Falando de alto nível, também era o atingido nos espetáculos musicais a que os portugueses puderam assistir pela primeira vez em tão bons e curto espaço de tempo. É certo que Chuck Berry jamais viria a Portugal, bem como Ringo Starr, se não houvesse Expo. Nem os grupos portugueses teriam um público tão enorme. Mas a lista de bandas que se apresentaram pela primeira vez cá era tão extensa como a de eventos de outras artes, ou não tivesse sido finalmente representada a encomenda a Bob Wilson, com música de Philip Glass e libreto de Luísa Costa Gomes, da ópera O Corvo Branco, outra coisa nunca vista num dos edifícios para ficar, o Teatro Camões, com direito a disputa de bilhetes para as poucas representações. E não faltavam danças exóticas, bailados étnicos e performances inesperadas, que fariam lembrar Las Vegas. O mesmo acontecia com as peças de arte espalhadas pelo recinto, como uma onda metálica vinda dos Estados Unidos ou uma girafa a olhar-se ao espelho de Fernanda Fragateiro, pormenores que os visitantes olhavam atentamente enquanto flanavam, cansados de tanto pavilhão e quilómetros corridos.

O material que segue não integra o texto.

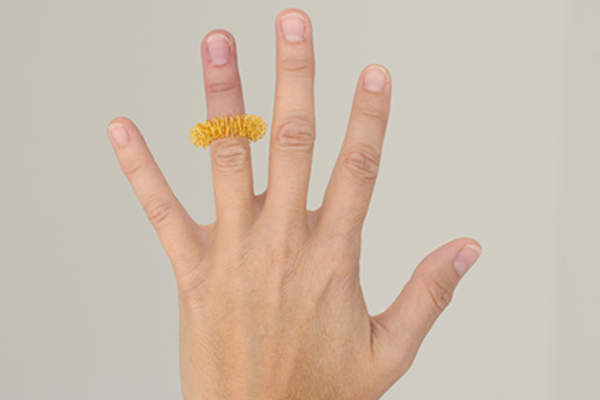 Massage ring on woman's finger.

Havia outras estranhezas, como a de ter sido feito um cais de acostagem para receber com regularidade os cacilheiros que ligavam a Expo"98 à Margem Sul; tal como a extensão da linha do metro até àquele novo território, o que fez que grande parte dos visitantes optassem pelo comboio em vez de ir de carro; ou ter sido construída uma estação ferroviária exuberante para quem vinha do norte, uma rodoviária onde estacionavam os autocarros com peregrinações da província, além de no interior do recinto existirem autocarros para levar de uma ponta à outra os visitantes.
Sendo o tema do mar e dos oceanos, não faltaram testemunhos de navegação. A começar pela reconstrução da fragata D. Fernando, que ardera décadas antes no Tejo. De Macau veio um junco e da Bolívia um barco de ráfia, mas a embarcação mais estranha foi uma gaeta falkusa que a Croácia trouxe até à Expo"98. Os croatas recuperaram uma tradição que envolve estes barcos que pescam sardinha, a de incinerar um antigo exemplar e ter direito a fazer um novo. Reza a história da ilha de Vis que só das cinzas de uma falkusa se pode fazer um nova, a que andou a navegar no Tejo e foi até ao Montijo.
Estranhezas não faltaram na Expo"98, situações que com o virar do século foram-se tornando habituais. Afinal, das cinzas da Expo"98, tal como acontecera com a embarcação croata, afirma-se outra mentalidade.